20 Olga, 33, is a HIV positive woman who’s been hospitalized at the Intensive Care Unit of the Kiev AIDS Center because of a serious complication concerning her lymphatic system, possibly a bad form of tuberculosis, doctors say.
I started this project at the beginning of 2011, looking forward to the 30th anniversary of the first reported cases of AIDS in the United States. After completing the first reportage on sexual health in Thailand, destination par excellence for sex tourism around the world, I decided that I needed funds - which I was eventually granted by the Department of Reproductive Health and Research of the World Health Organization - to shoot new stories in different countries facing different challenges, in order to show properly the complexity of the epidemic.
Following the outline provided by the four words that have always served as guidelines in the fight against AIDS - prevention, treatment, care and support - I've then worked investigating critical aspects of the AIDS epidemic in Mozambique, Brazil and Ukraine, approaching each country from a different perspective and focusing on specific aspects including sexual, reproductive, neonatal and children's health as well as national prevention and treatment policies or collaborations with the private sector for local production of drugs and condoms.

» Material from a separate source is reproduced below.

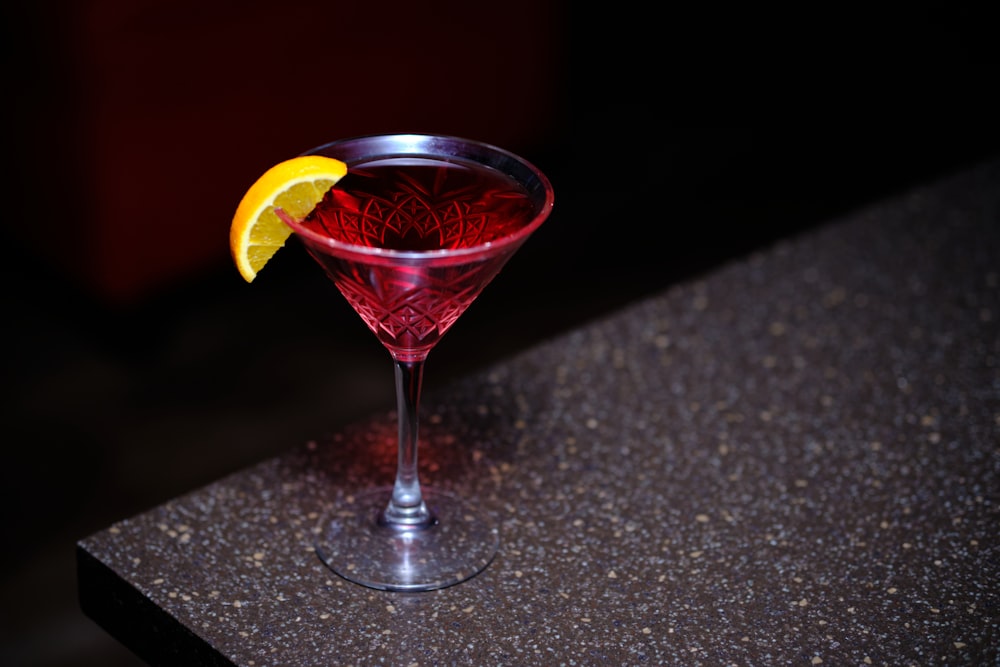 a close up of a wine glass on a table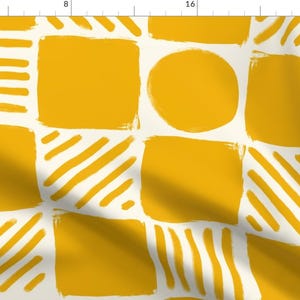 May include: A seamless pattern featuring a repeating design of yellow squares, circles, and diagonal lines on a white background.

The project - which I'm planning to enrich with a new chapter to be shot in the US, the country where "it all started" - focuses its attention on the effects of the epidemic on women's and children's health thirty years after its inception. It also highlights the efforts made by the Governments and civil societies of these countries - including individuals, associations, NGOs and foundations - to give a strong response to the epidemic and it intends to visualize the impact of the epidemic on humanity in a positive way.
Despite the massive commitments of the United States of America through PEPFAR, of small and large donors, the domestic investments by countries and the catalytic impact of the Global Fund, today the needs still far exceed available resources and the surge has stalled. United Nations Member States have collectively pledged to provide the needed amount by 2015 but international support has not increased since 2008. In 2010 it declined for the first time in a decade while last year the Global Fund was forced to cancel its next round of grants when donors fell short of their funding commitments. Until now, the global response has hinged on the largesse of a relatively small handful of wealthy donor countries but their commitment is unpredictable and undependable in the current economic climate, yet millions of lives depend on them.
Throughout the years, tremendous progress have been done in stabilizing or reducing rates of new infections, but this success has only highlighted the rampant stigma and discrimination that still contributes to rising infection rates among higher-risk key populations and to the vulnerability of women and girls. Punitive laws, gender inequality and violence continue to inflame the epidemic and the goals of zero new infections, zero discrimination and zero AIDS related deaths, as set by UNAIDS, might receive a very unnecessary setback because of the worsening global economic conditions. After 30 years into a very complex epidemic, the gains are real but still too fragile.